● **EXERCISE AIM**
Everything from the line with "Familienparadies Reichenhauser, hotell" to the line with "Skydiving Salto Tandem" in the listing below, both lines included, needs to be copied exactly, apart from the pictures.

┄┄┄┄┄┄┄┄┄┄

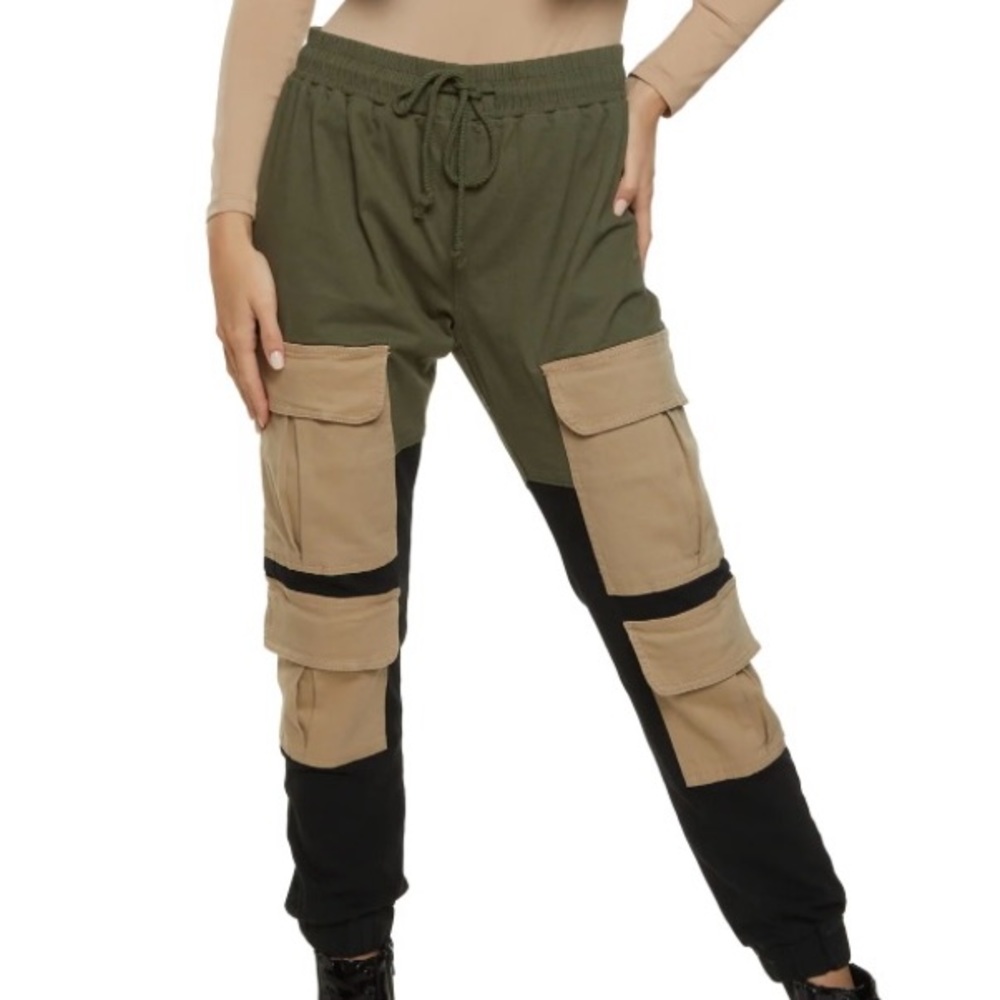NWOT Olive Green, Black & Tan Twill Color Block Cargo Jogger Pants - Large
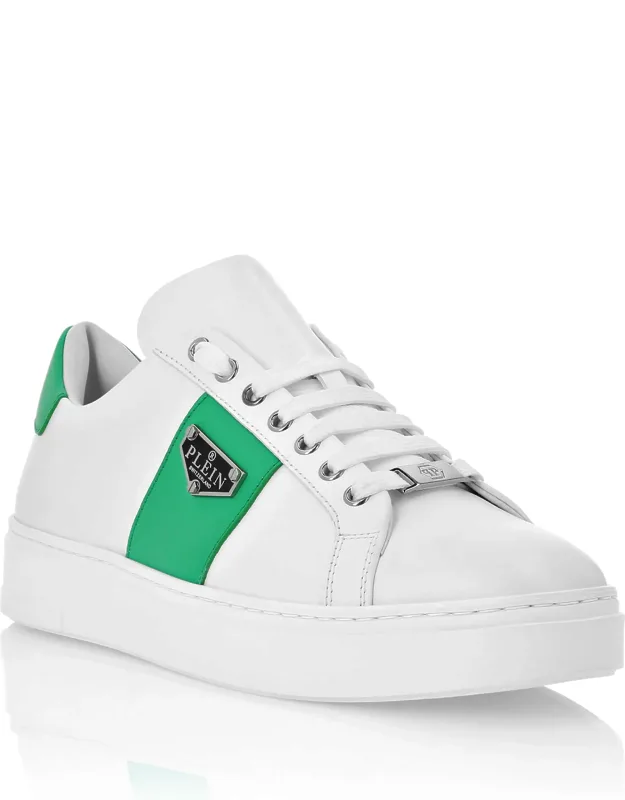 Lo-top Sneakers Triangle With Nappa Leather And Slide-safe Rubber Sole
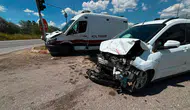 Kütahya'da feci kaza : Ambulans ve araç çarpıştı, 7 kişi yaralandı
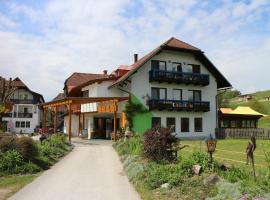 Familienparadies Reichenhauser, hotell i Keutschach am See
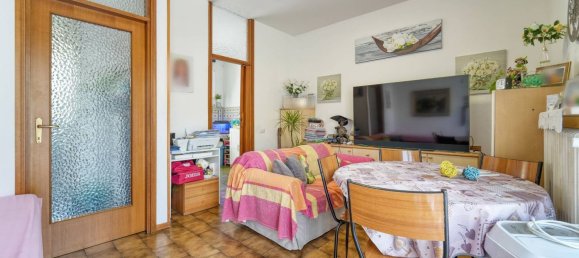 2-salle Appartement à Lodi, Italy No. 298870 2
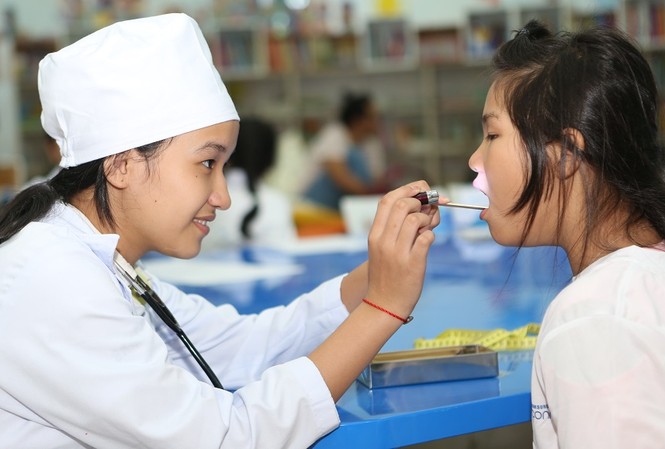 Hơn 10.000 lời động viên tiếp sức cho ước mơ của trẻ em Việt Các em được chia thành 4 nhóm để cùng nhau tranh tài, thể hiện khả năng để vượt qua nhiều thử thách thú vị.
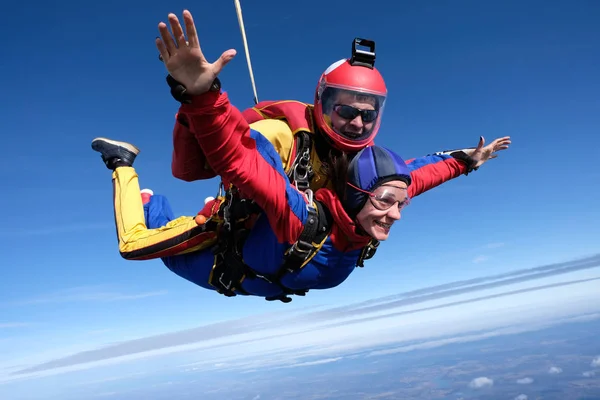 Skydiving Salto Tandem Divertindo Céu — Fotografia de Stock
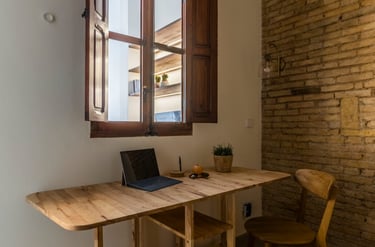 Ventana de madera de 2 hojas con contraventanas interiores.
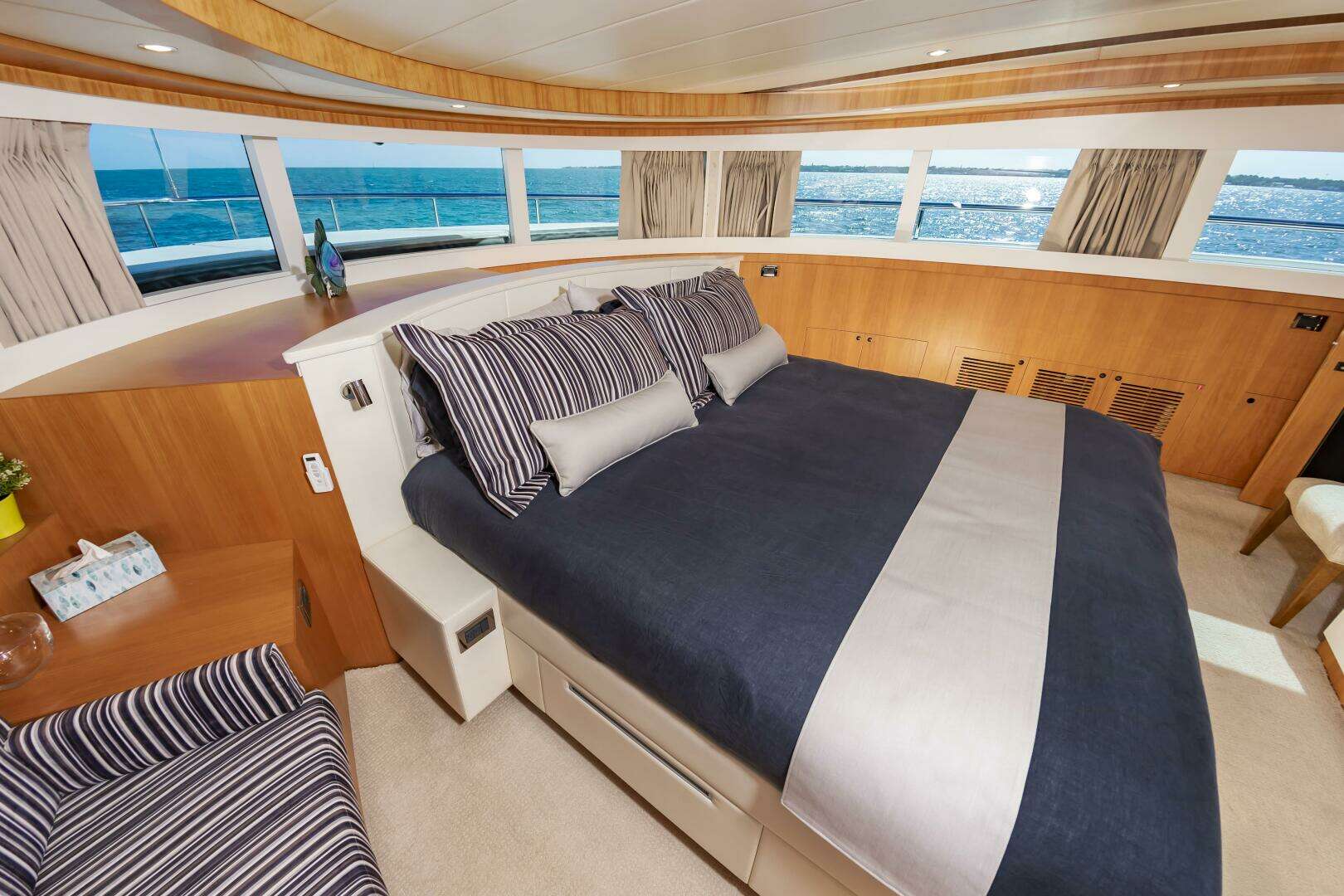 2017 Johnson 93 Flybridge - Image 51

┄┄┄┄┄┄┄┄┄┄

● **RESULT**
 Familienparadies Reichenhauser, hotell i Keutschach am See
 2-salle Appartement à Lodi, Italy No. 298870 2
 Hơn 10.000 lời động viên tiếp sức cho ước mơ của trẻ em Việt Các em được chia thành 4 nhóm để cùng nhau tranh tài, thể hiện khả năng để vượt qua nhiều thử thách thú vị.
 Skydiving Salto Tandem Divertindo Céu — Fotografia de Stock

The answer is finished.